Подзаработав, можно было позволить себе ставить на телевидении «Фауста» или «Маскарад» за символический гонорар, а получив его, даже отправить целиком в помощь Чернобылю или приобрести путевку в Испанию и насладиться картинами Эль-Греко, поглазеть на корриду. Словом, жили. Крутились, вертелись, вкалывали, каждый, как мог. Однако было чувство этой пресловутой стабильности. И все в рамках своей профессии, я подчеркиваю — своей! А если еще народного СССР получить — к «Кремлевке» прикрепят, а потом и на Новодевичье свезут. Ну на Ваганьковском уж точно место обеспечено.
И вот тут грянула она, перестройка, которую так долго ждали и готовили собственными руками. Она обрушилась, как Берлинская стена, и под ее обломками оказались многие из тех, кто не чаял, что доживут до перемен. Ведь не всем дано открыть L-клуб на телевидении, торговать нефтью, покупать или продавать. Не каждый актер или режиссер способен кланяться в ноги новым денежным тузам, пить с ними, развлекать за столом, паясничать, чтобы они расщедрились и отслюнявили отмытое на фильм, спектакль, телепередачу. Да и не на всё дадут! Кто платит, тот и музыку заказывает. В погоне за независимостью, в тайной надежде обеспечить ее, занимаясь только своей профессией — ничем иным более! — я и оставил свой дом на Ордынке, свою очень-очень малую родину.
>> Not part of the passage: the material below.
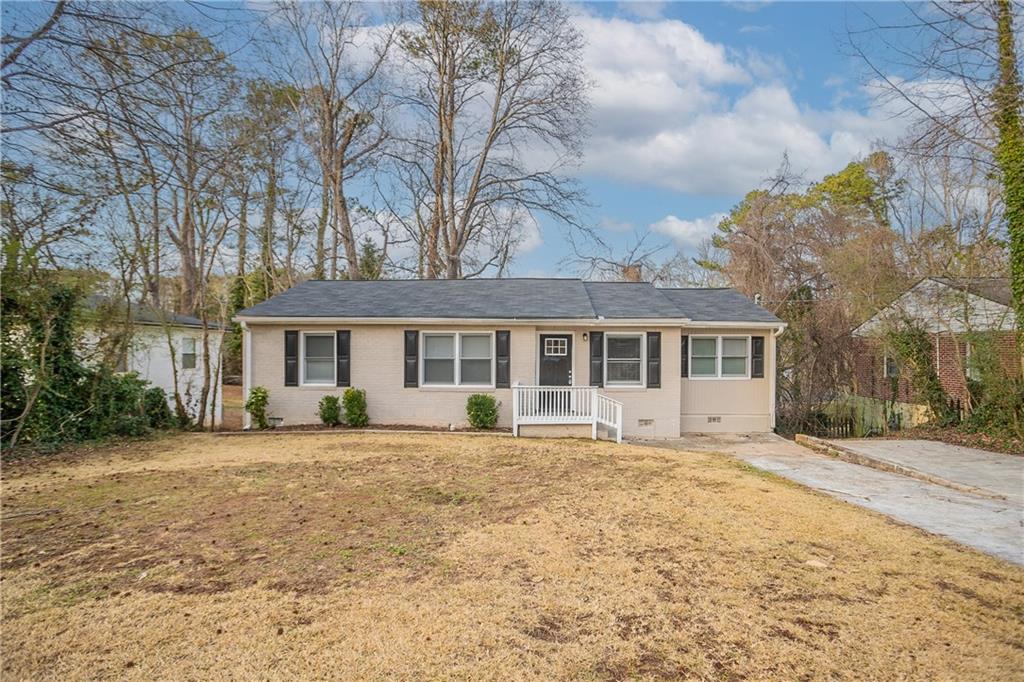 3234 Bluebird Lane Decatur, GA 30032 - Photo 1 of 1 a front view of a house with a garden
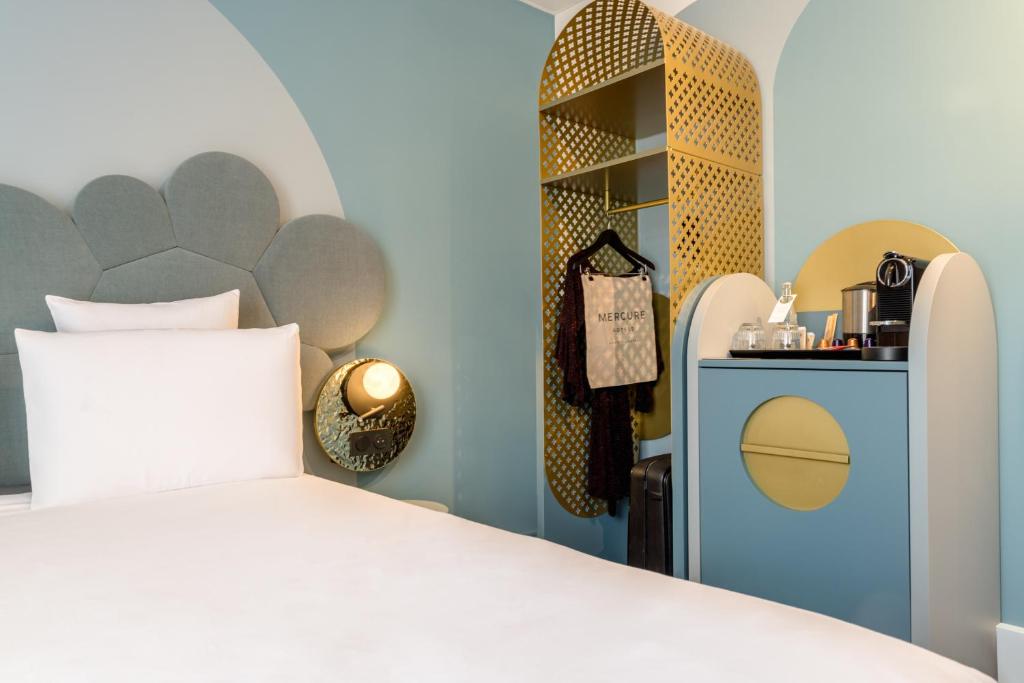 une chambre avec un lit et une étagère dans l'établissement Mercure Annecy Centre, à Annecy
А как живет израильский актер в Израиле? Трудно живет. Также крутится волчком, также вкалывает: театр, радио, озвучание американских мультиков, зверушек, халтура на ТВ, в кино… Еще бы лучше у американцев сняться, если позовут, если они что-нибудь снимают в Израиле. И реклама, реклама, реклама! Везде где придется вожделенная реклама, за которую башляют по вышке. Молодежь, особенно студенты, подхалтуривают официантами, нянчат чужих малюток, устраиваются как кто может. Это израильтяне, с детства говорящие на иврите, для них и английский — не проблема. А мы? Нам-то без иврита и зверушку не озвучить. У нас остается только великий и могучий. Не улицы же мести, в самом деле, или офисы сторожить! Я, правда, встречал здесь актеров из России, из бывшего Союза, которые работали и охранниками, и помещения убирали.